Ce qu’il faut savoir sur la Mauritanie

Mondafrique a publié plusieurs articles sur ce pays aux 7 000 mosquées (il n’en existait qu’une centaine au moment de l’indépendance). Le 3 janvier 2015, notre site Internet évoquait la condamnation à mort d’un homme âgé de 29 ans, Mohamed Cheikh Ould Mohamed, qui avait été arrêté et placé en détention le 2 janvier 2014 après avoir publié une tribune jugée blasphématoire sur Internet. Retiré quelques heures seulement après sa parution, ce texte critiquait certaines décisions du prophète au moment de la conquête de la Mecque. Surtout, l’auteur accusait la société mauritanienne de perpétuer encore aujourd’hui un ordre social inique, hérité de cette époque. Mohamed Cheikh Ould Mohamed dénonçait particulièrement le recours à l’islam pour justifier les discriminations contre certaines franges de la population comme les haratines (ces descendants d’esclaves noirs que les Maures blancs avaient arabisés pour les assimiler à leur communauté) ou encore les « moualamines » (forgerons), une caste à laquelle il appartient justement. Suite à son arrestation, des manifestants, quoique en nombre limité, avaient défilé dans la capitale Nouakchott pour réclamer la peine capitale contre lui.

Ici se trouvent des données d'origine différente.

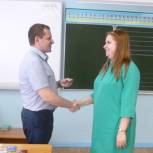 Октябрьский район: вручение партийных билетов  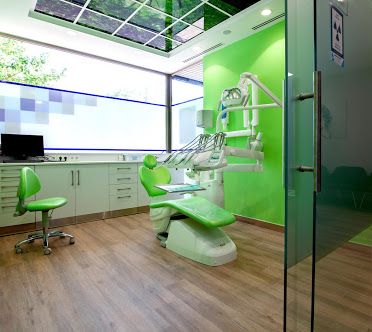 Clínica Dental Especializada Dr. Jesús Genovés consultorio verde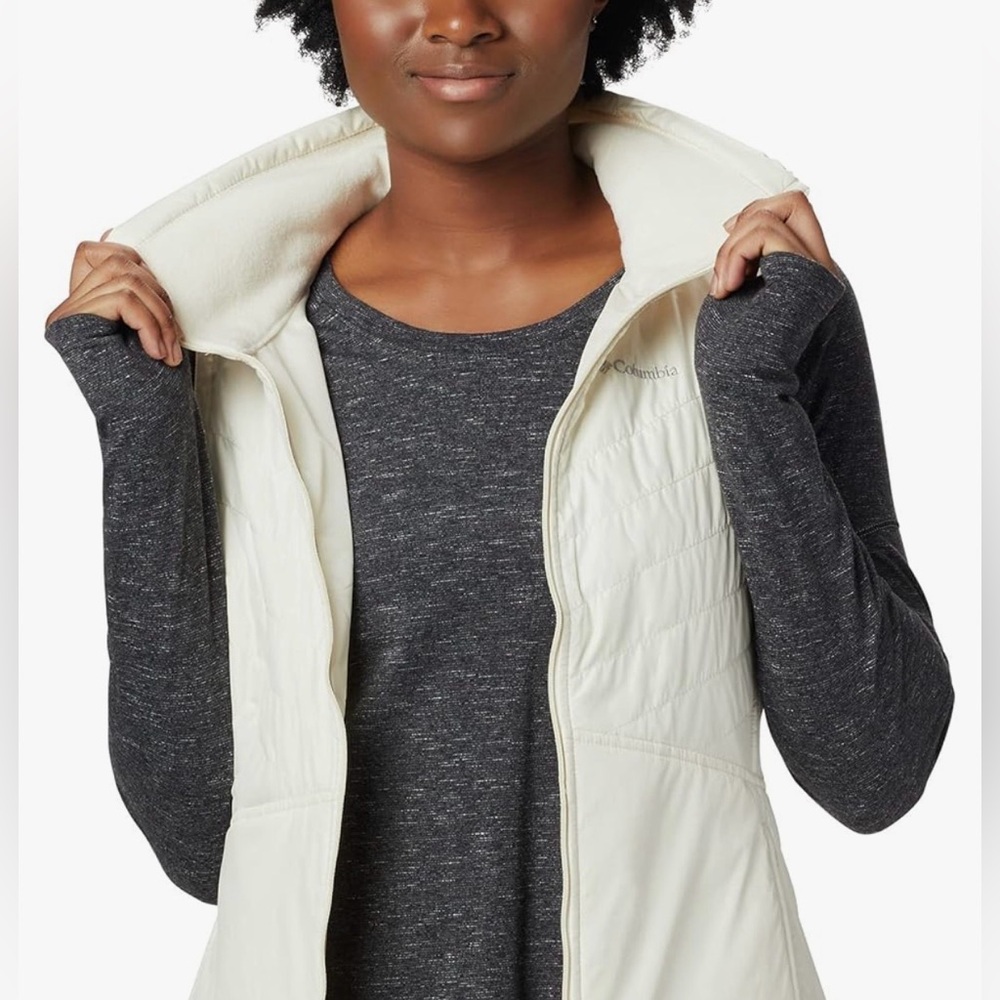 Columbia Women's Mix It Around Light Bisque/Cream Colored Quilted Vest, XL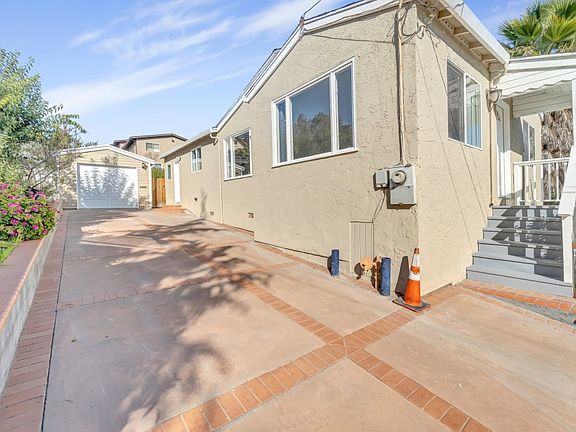 3rd image of 16002 Maubert Ave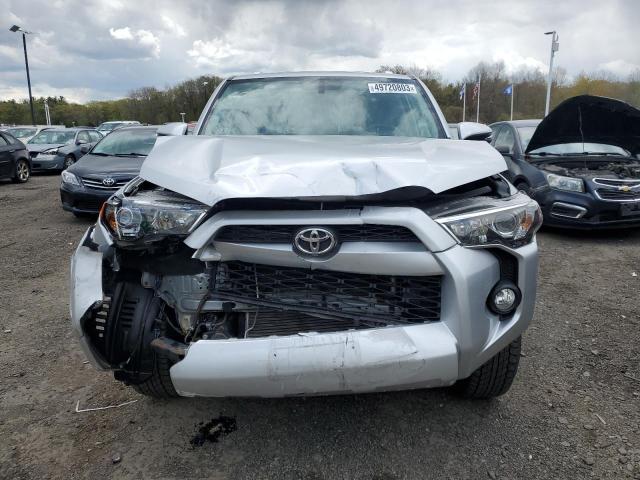 JTEBU5JR6G5282984 - 2016 TOYOTA 4RUNNER SR5/SR5 PREMIUM 灰色 照片 5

À cette occasion, le président Aziz s’était lancé dans un véritable réquisitoire contre cet opposant, lors d’un discours prononcé devant un parterre d’habitants massés devant les portes du palais présidentiel. « (…) Comme, j’ai eu à le préciser par le passé et le réaffirme aujourd’hui, la Mauritanie n’est pas laïque. L’action que vous entreprenez aujourd’hui est le minimum à faire pour protester contre ce crime contre notre religion sacrée et je vous assure en conséquence que moi, personnellement et le gouvernement nous ne ménagerons aucun effort pour protéger et défendre cette religion et ses symboles sacrés. Tout le monde doit comprendre que ce pays est un État islamique et que la démocratie ne signifie pas l’atteinte aux valeurs et symboles sacrés de la religion. »

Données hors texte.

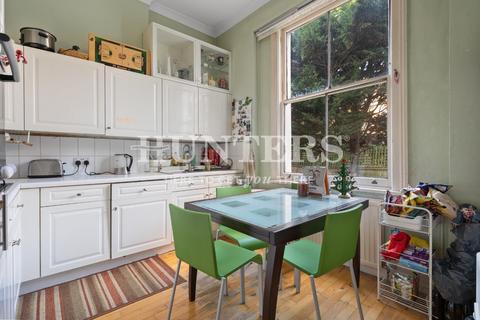 3 bedroom flat for sale, Belsize Road, London, NW6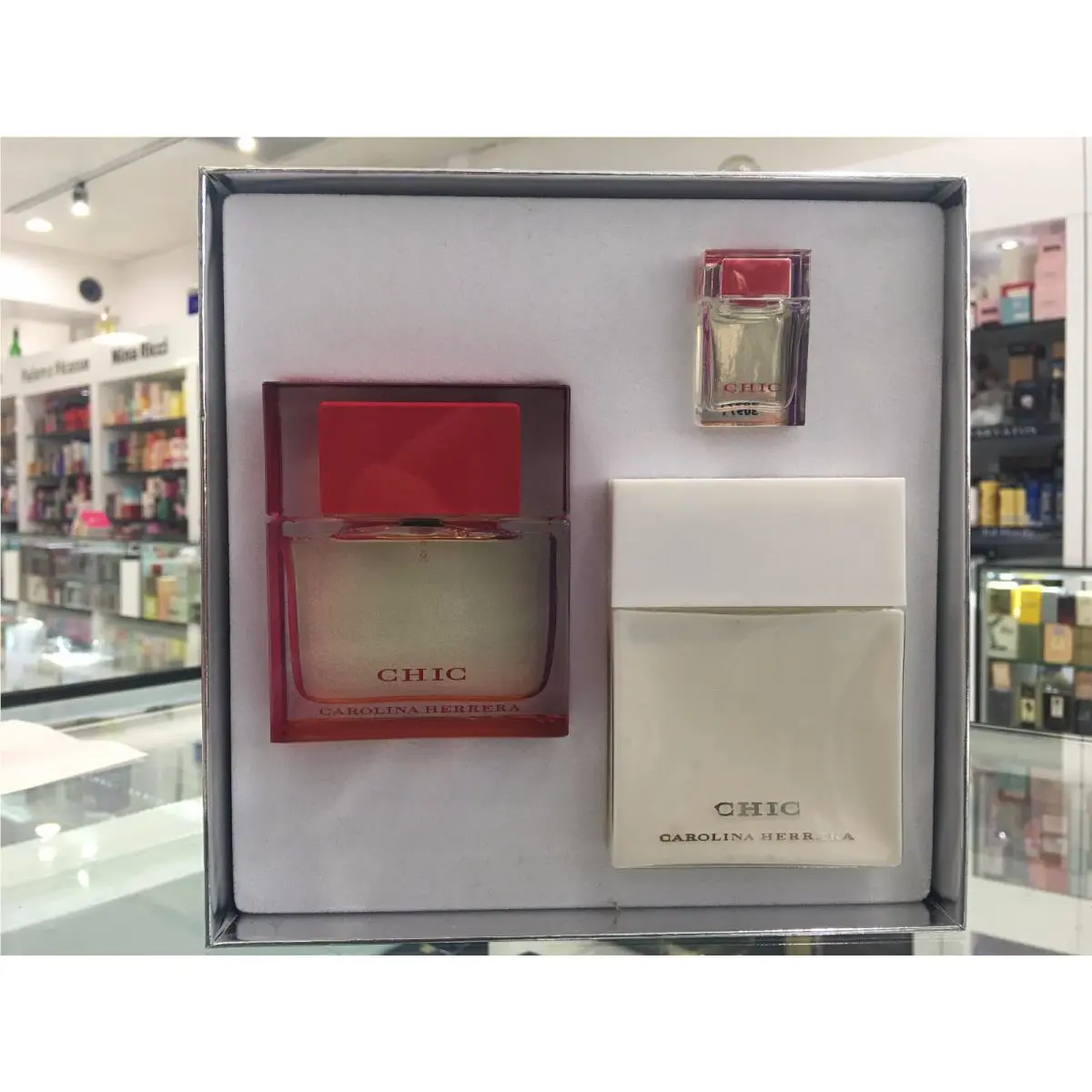Carolina Herrera Chic Gift Set Edp Spray 50 ML Body Lotion 100 ML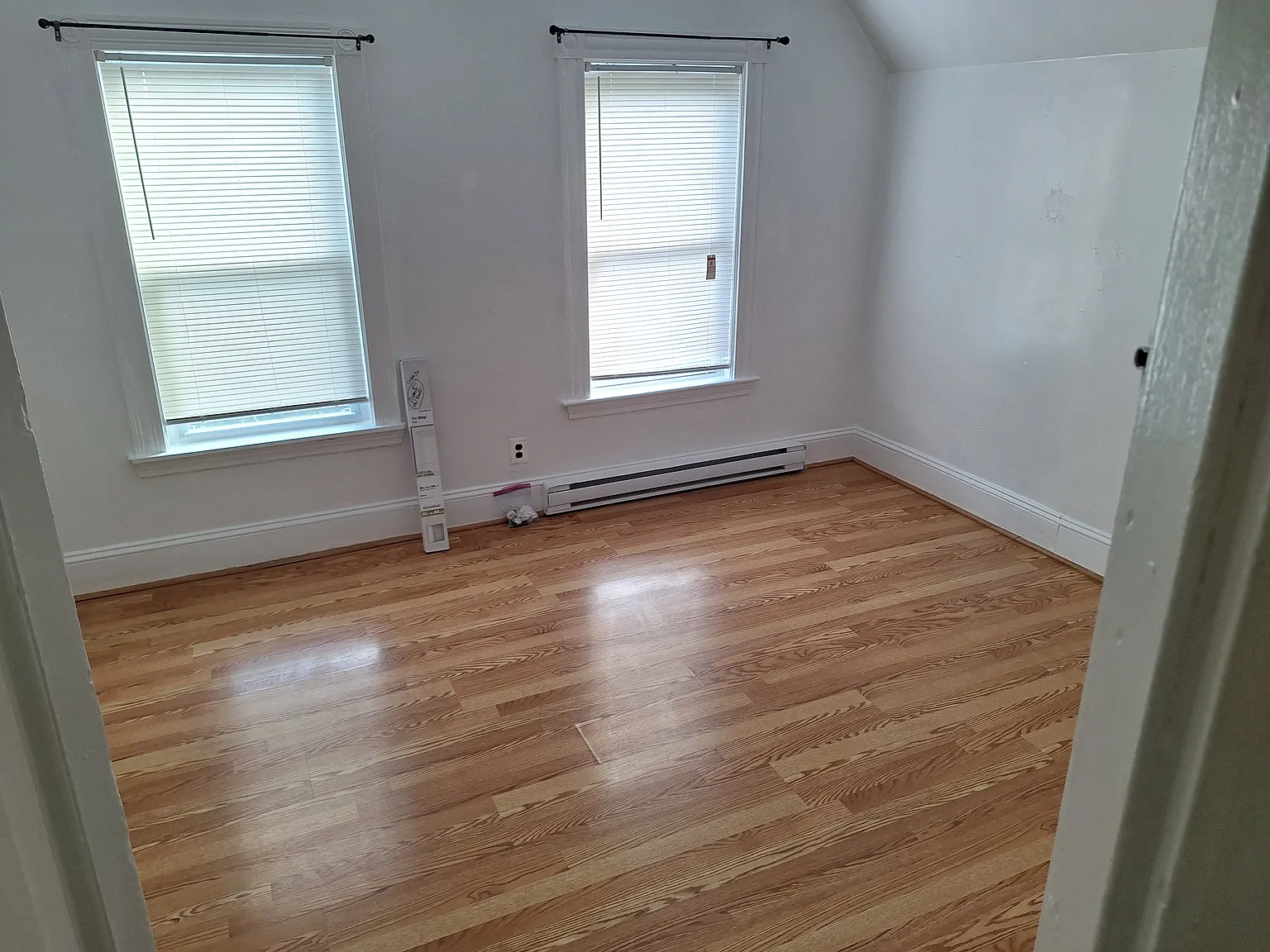 2 bed, 690 sqft, $2,200 — Photo 4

Précisons que l’esclavage, encore répandu en Mauritanie, n’y est interdit que depuis 1981 et criminalisé depuis 2007. En janvier 2014, l’ONG australienne « Walk Free » plaçait le pays à la tête de son classement des États « esclavagistes » avec 150 000 esclaves pour seulement 3,8 millions d’habitants, soit 4% de la population. La forme la plus commune d’asservissement touche les populations noires largement exclues des principaux postes de pouvoir contrôlés par les élites Maures minoritaires.